CES DERNIERS JOURS, son nom revient sur toutes les lèvres des supporters du PSG. Il fait fantasmer les uns. Fait douter les autres. Et pourtant, en Argentine comme en France, peu connaissent le parcours de celui qui devrait être dans quelques heures la première star de l’ère qatarienne du PSG. « El Flaco » (le maigre) a grandi à San Roque, une petite bourgade d’un millier d’habitants, coincée entre la Sierra Chica (petite montagne) de Cordoba et un lac artificiel, à quarante kilomètres à l’ouest de Cordoba (*).

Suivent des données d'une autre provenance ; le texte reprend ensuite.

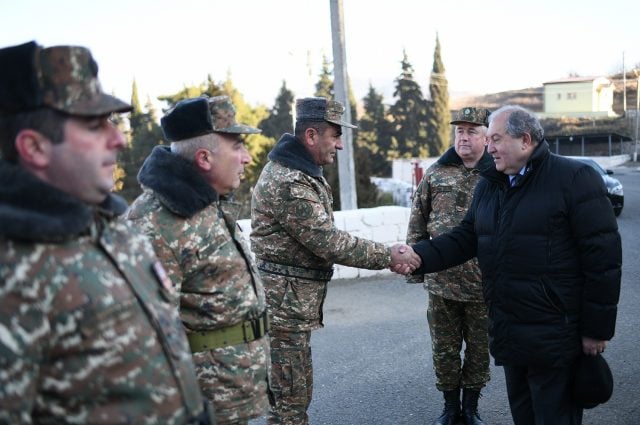 Զինվորները, որոնց հանդիպեցի, ուրախ են ծառայության համար, հպարտ են, որ ծառայում են Արցախում․ Արմեն Սարգսյան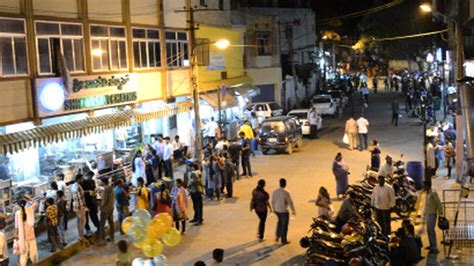 Bengaluru civic body starts revamp of iconic food street at VV Puram - The Hindu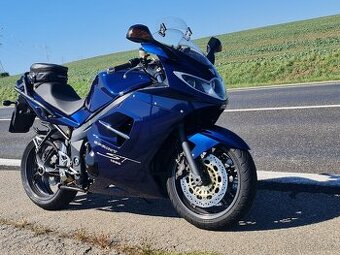 Triumph sprint st 1050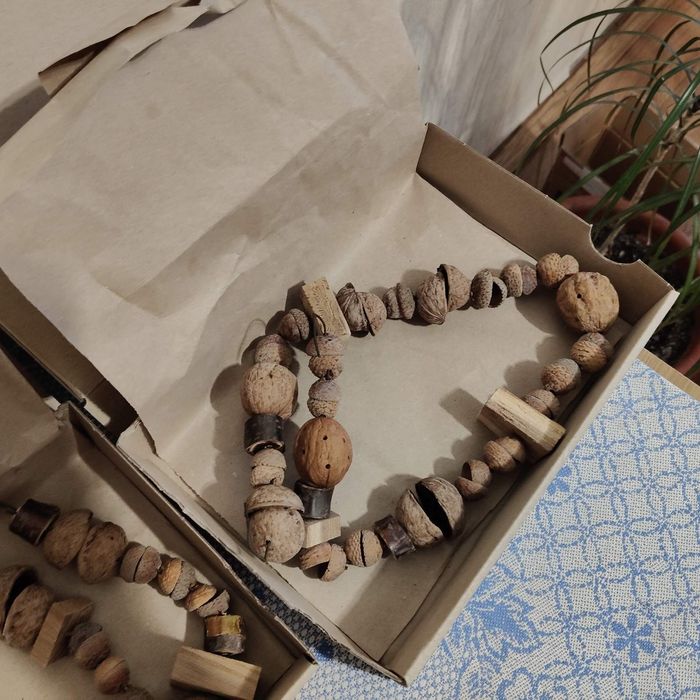 Екологічна іграшка для папуги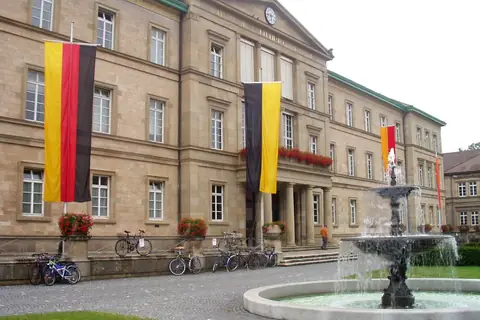 Tübingen Üniversitesi Neue Aula cephesi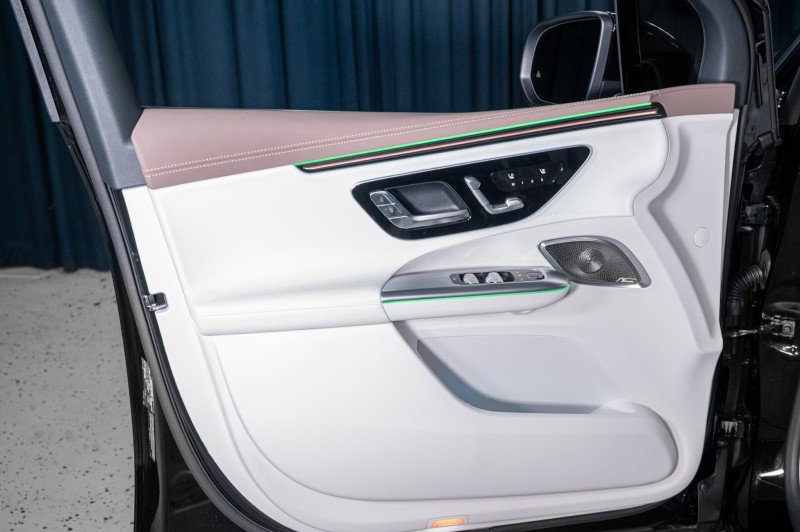 New 2026 Mercedes-Benz EQE 320 4MATIC SUV image 12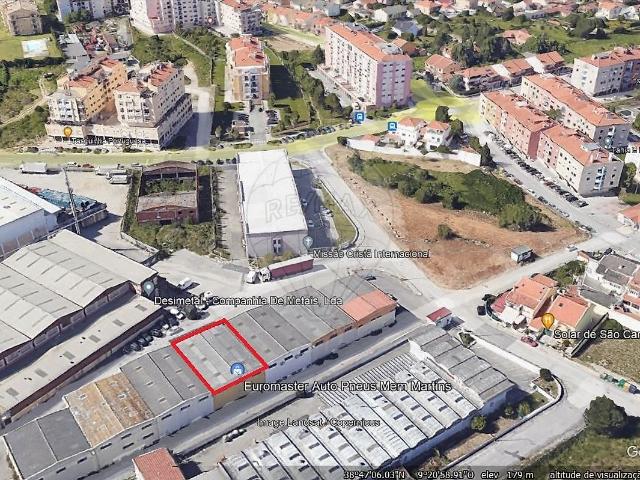 Armazém alugar em Mem Martins, Sintra
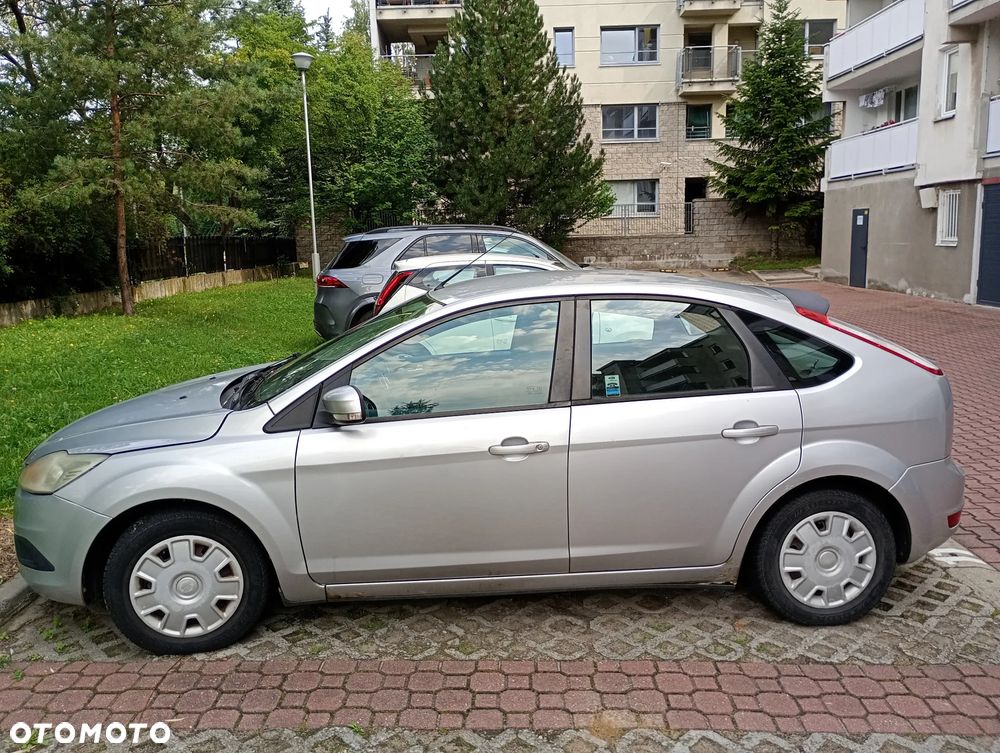 Ford Focus 1.6 Trend - 8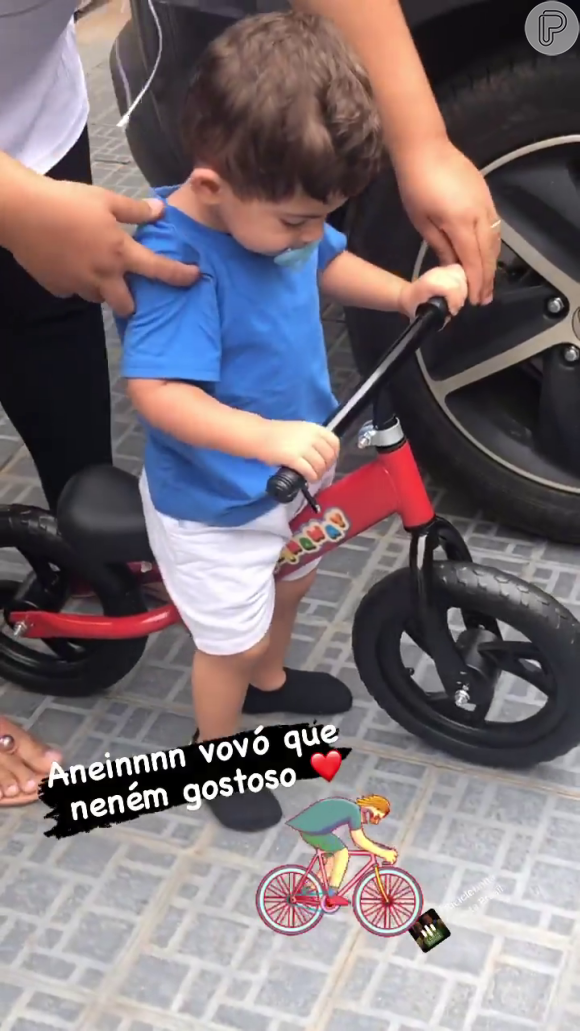 Leo, filho de Marília Mendonça e Murilo Huff, ganhou uma bicicleta especial, sem pedal e rodinhas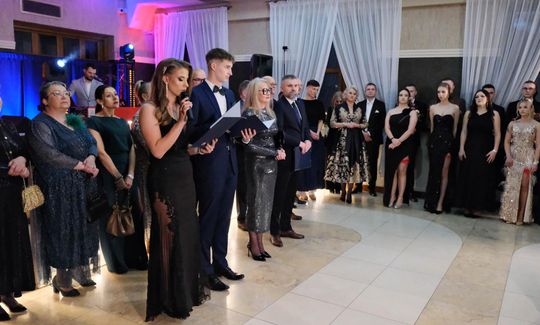 Studniówka 2025 - Zespół Szkół Ekonomicznych i Mundurowych w Chełmie cz. II [GALERIA ZDJĘĆ]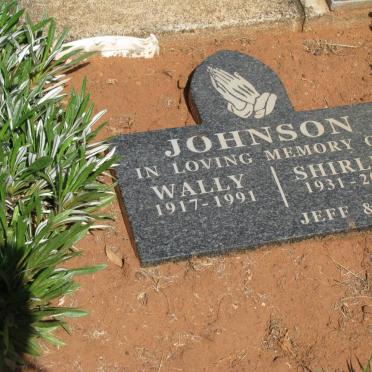 JOHNSON Wally 1917-1991 &amp; Shirley 1931-2008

C’est dans son village parsemé de maisons secondaires que « Javi », comme le surnomme sa maman Patricia, s’essaie aux dribbles pour la première fois.
Après avoir testé le basket-ball, il fait ses débuts à neuf ans à Talleres de Cordoba, club supporté par toute sa famille. Patricia, qui s’est retrouvée en chaise roulante alors que Javier avait quatre ans, a joué un rôle fondamental dans la carrière de son troisième enfant. Elle lui consacre « de quatre à cinq heures par jour », le conduisant à un entraînement dont elle ne perd pas une miette, tandis que Juan Carlos, le père, tient une entreprise de métallurgie qui fabrique des moules en aluminium destinés aux constructeurs automobiles de la région. Entreprise dans laquelle travaillent aujourd’hui les aînés Lorena et Ariel.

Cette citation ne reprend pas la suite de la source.